====== MATERIALS PROVIDED ======

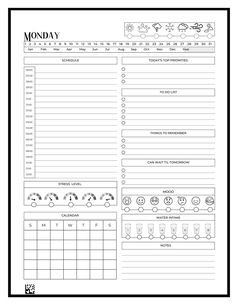 a printable worksheet with the words monday on it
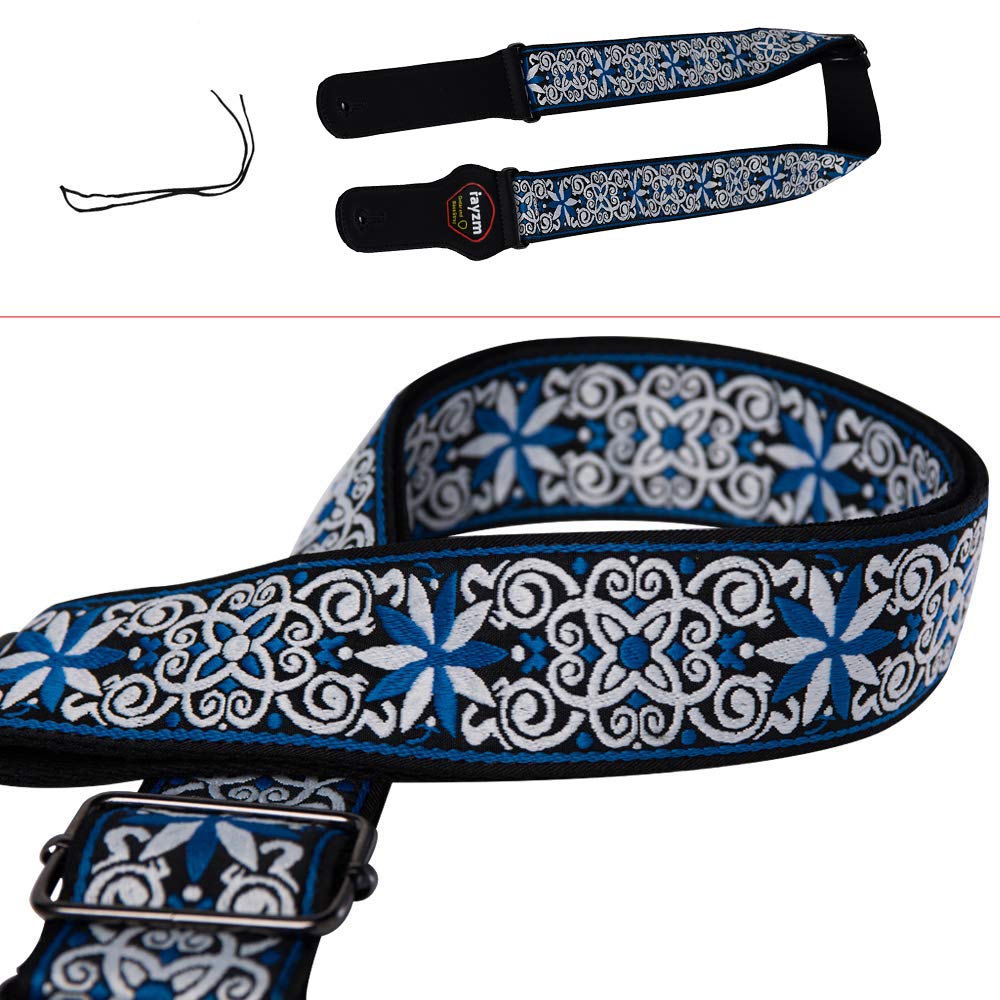 Rayzm Embroidery Guitar Strap, Jacquard Weave Cotton St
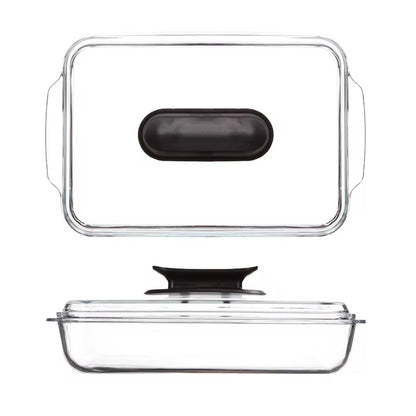 3L Tempered Glass Cookware Plate with Heat-Resistant Lid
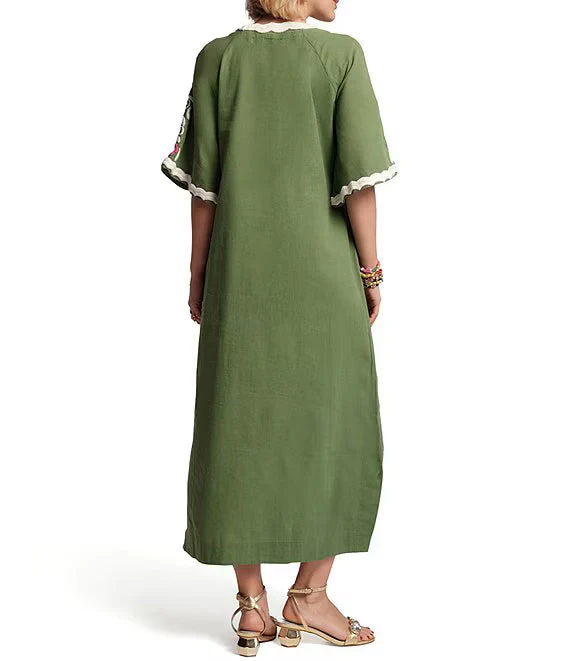 Frances Valentine Peacock Caftan Dress - Treetop/Multi - Image 2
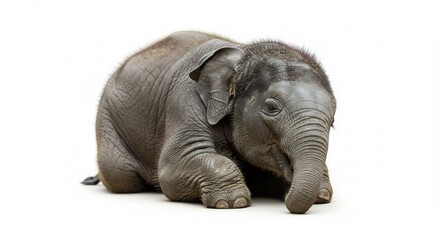 Fototapeta premium Adorable baby elephant sits peacefully against bright white background. AI Generated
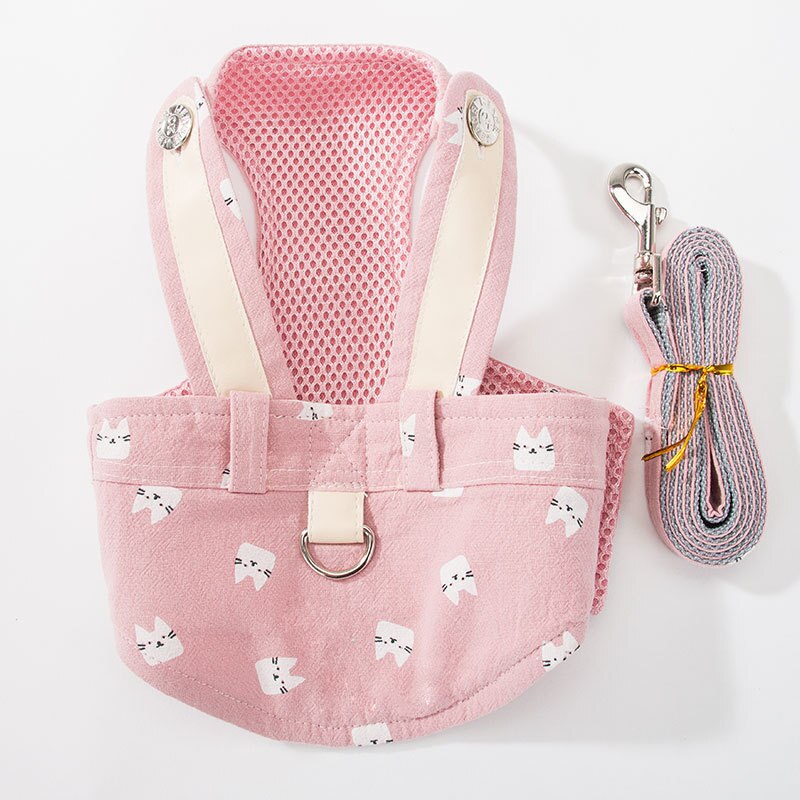 Cute Pet Cat Harness Leash Set Pet Chest Strap Breathable Pet Walking Rope For Kitten Cats Pet Vest Harness Rope Cat Leash: Pink-mesh / S - Cat within 4kg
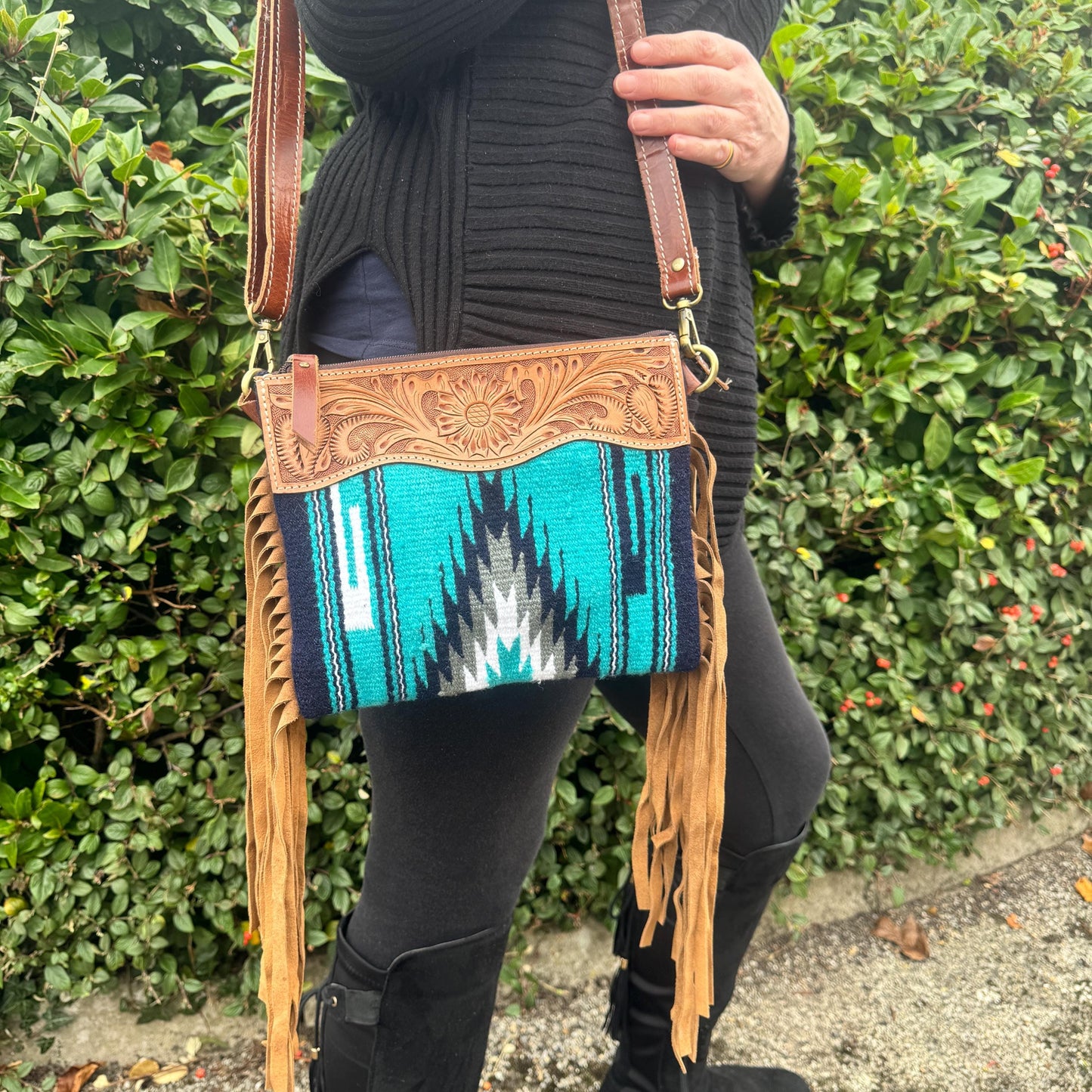 Hand Carved Leather Fringed Kilim Blanket Bag - JayKayBoutiqueOnline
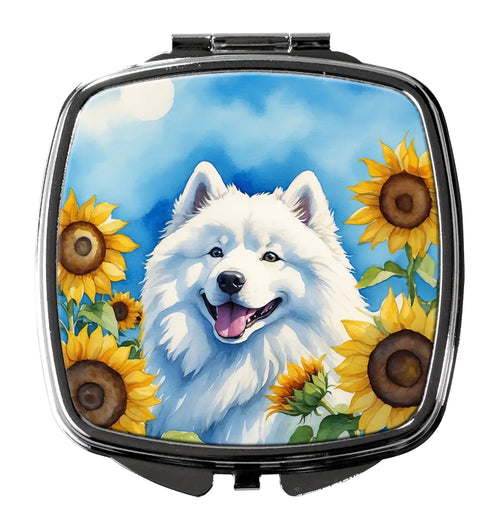 Samoyed in Sunflowers Compact Mirror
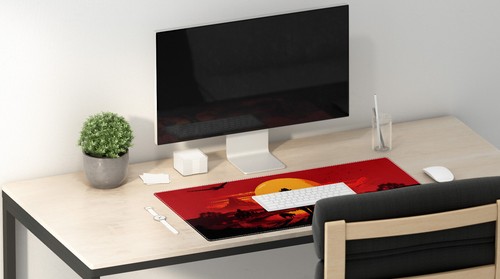 Gaming Mouse Pad Red Dead Wildwest Gaming Desk Mat- Large Desk Pad- Gift Gamers - Picture 2 of 9
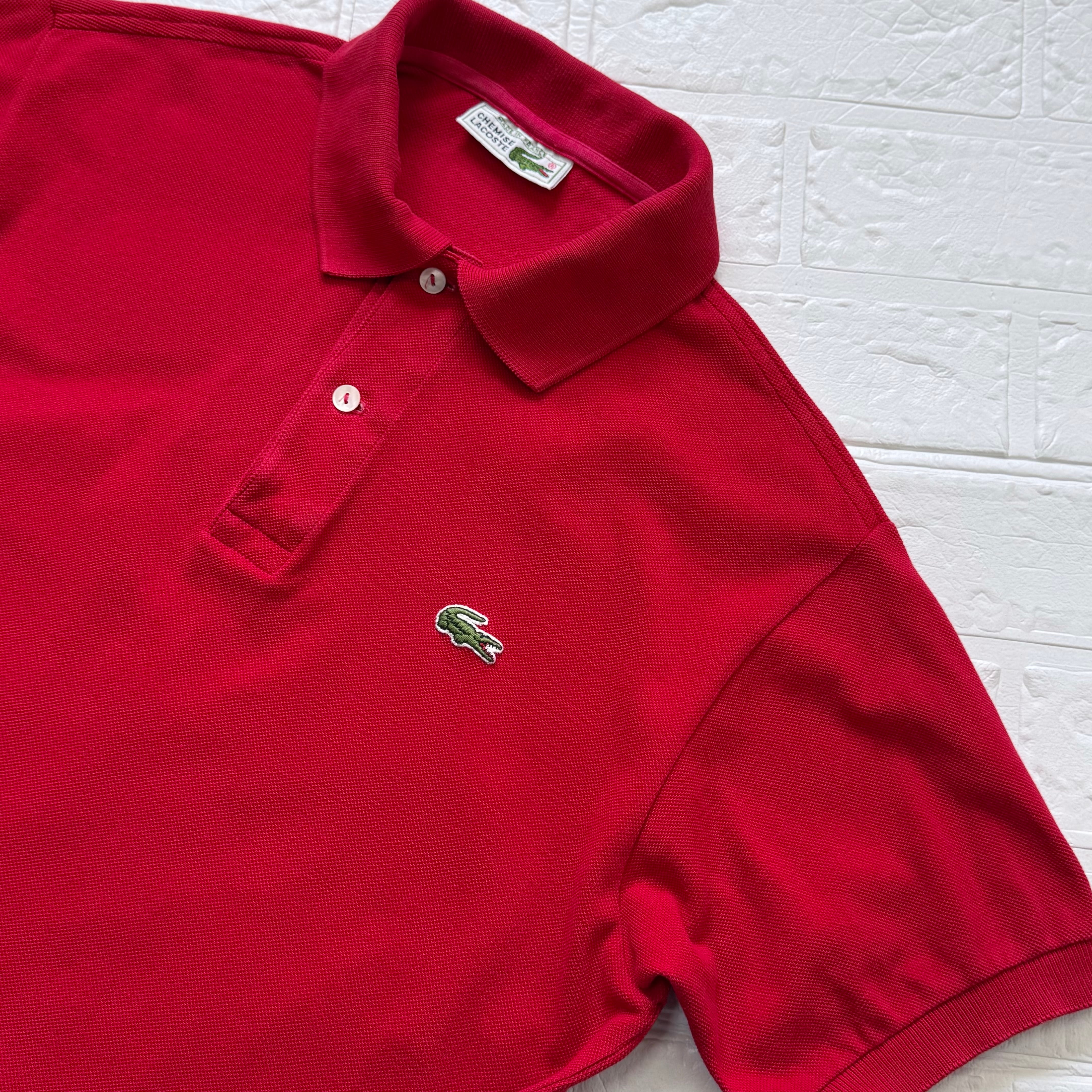 LACOSTE 70s フランス製 コットン 鹿子 半袖ポロシャツ レッド サイズ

======

TASK DETAILS: Looking above, find the stretch of lines that opens with the one holding "Rayzm Embroidery Guitar" and closes with the one holding "Fototapeta premium Adorable". Copy it exactly, pictures excluded.

ANSWER BOX:
 Rayzm Embroidery Guitar Strap, Jacquard Weave Cotton St
 3L Tempered Glass Cookware Plate with Heat-Resistant Lid
 Frances Valentine Peacock Caftan Dress - Treetop/Multi - Image 2
 Fototapeta premium Adorable baby elephant sits peacefully against bright white background. AI Generated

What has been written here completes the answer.